Leos Janacek’s Szenen aus dem mährischen Bauernleben wurden 1904 in Brünn unter dem Titel „Ihre Ziehtochter“ uraufgeführt – ein Titel durch den die beiden Hauptpersonen der Handlung und damit auch der zentrale Konflik der Oper schon angedeutet ist:  das Drama einer mütterlichen Witwe, der Küsterin Buryja, die das frisch geborene, uneheliche Kind ihrer geliebten Stieftochter Jenufa ermordet, um diese vor der Verstossung durch eine allzu engstirnige Gesellschaft zu bewahren.
Die neue Inszenierung durch den rennomierten, aber in Berlin erst jetzt debütierenden Regisseur Christof Loy verzichtet weitgehend auf tschechische Folklore, behält aber den ländlichen Ort mit seiner strengen, kleinbürgerlichen Bauern-Gemeinschaft bei. Die Bühne zeigt einen weissen Cubus, dessen fast unmerklich gleitende Seitenwände die zunächt enge Kammer auf Breitwandformat dehnen, während die Rückwand wie eine Schiebetüre immer wieder den Blick in die Landschaft freigibt und so auch die unterschiedlichen Jahreszeiten erkennen lässt: goldene Ährenfelder im Spätsommer, Schnee im Winter und mildes Sonnenlicht im beginnenden Frühjahr. Die Kleidung dieser offensichtlich wohlhabenden Bauern deutet eine nicht allzuweit zurückliegende Gegenwart an: die Damen tragen elegante Schneiderkostüme und High Heels, die Männer erscheinen meist in grauen Anzügen mit weissem Hemd und Krawatte – nur zur Hochzeit machen sich alle fein: Seiden-Dirndl und schwarzer Binder.

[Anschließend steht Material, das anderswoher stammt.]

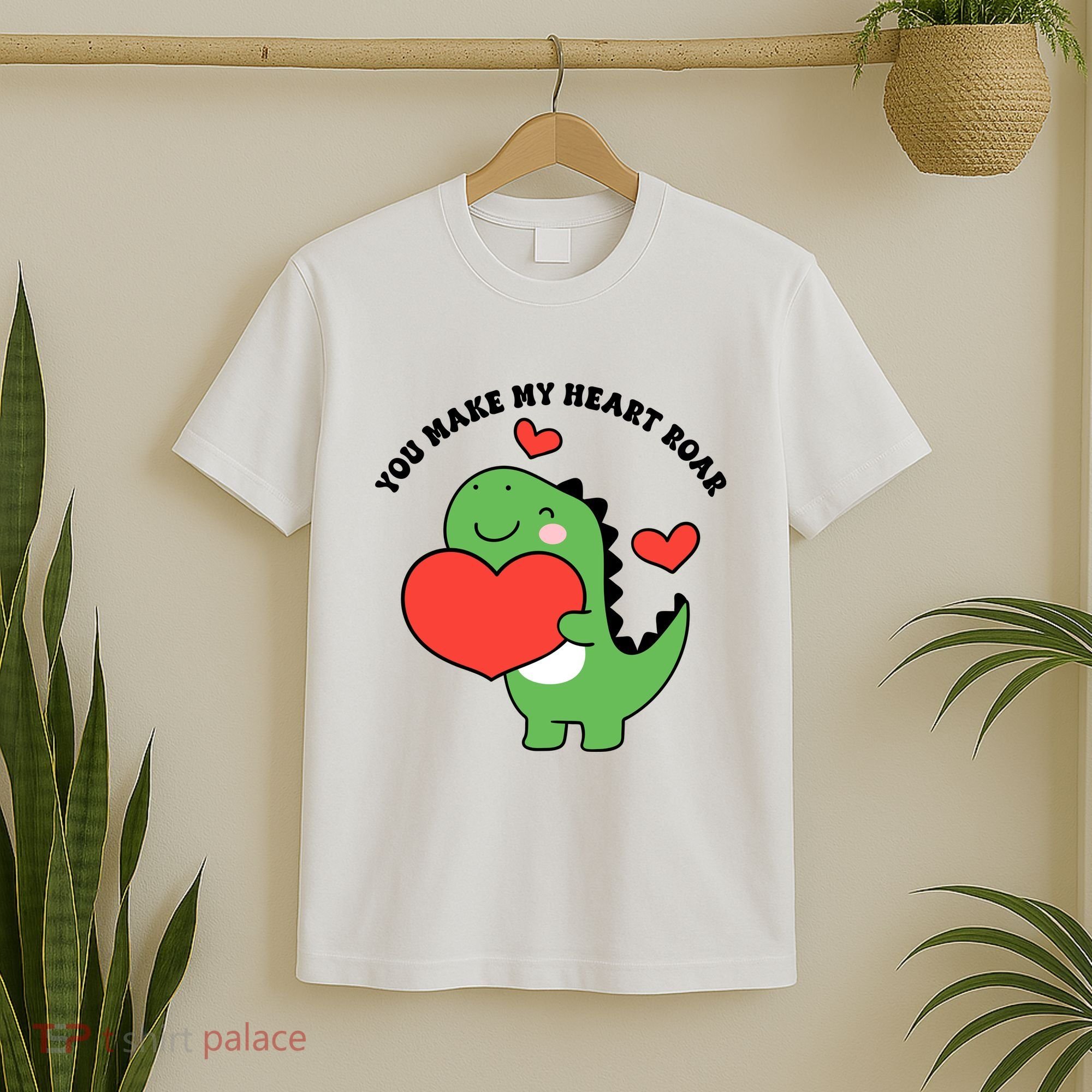 You Make My Heart Roar Valentines Day Cute Dinosaur T-Shirt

Christof Loy erzählt die tragische Geschichte der durch ihre zerüttete Ehe hart gewordenen Küsterin, die verzweifelt versucht ihre Stieftochter vor einem ähnlichen Schicksal zu bewahren und dabei sogar die Schuld eines Kindsmordes auf sich nimmt, als ein bis ins kleinste Detail ausgeleuchtetes Psychogramm der handelnden Personen: der langsam reifenden und die Zusammenhänge erkennenden Jenufa, die am Ende sogar ihrer Stiefmutter verzeiht;  die gebrochene, ihre Schuld am Ende bewusst sühnende Küsterin; der oberflächlich-leichtfertige Stewa, der Jenufa erst geschwängert hat und dann kneift;  sein manchmal unbeherrschter und ungeliebter Halbbruder Laca, dessen Gefühle für Jenufa jedoch echt und aufrichtig sind. Ein kluges und fein gestaltetes Seelendrama, das auch optisch eine Genuss ist:  mit  den schönen Kostümen und den raffiniert ausleuchtenden Bühnen-Bilder, die die innere Befindlichkeit ihrer Bewohner diskret spiegeln.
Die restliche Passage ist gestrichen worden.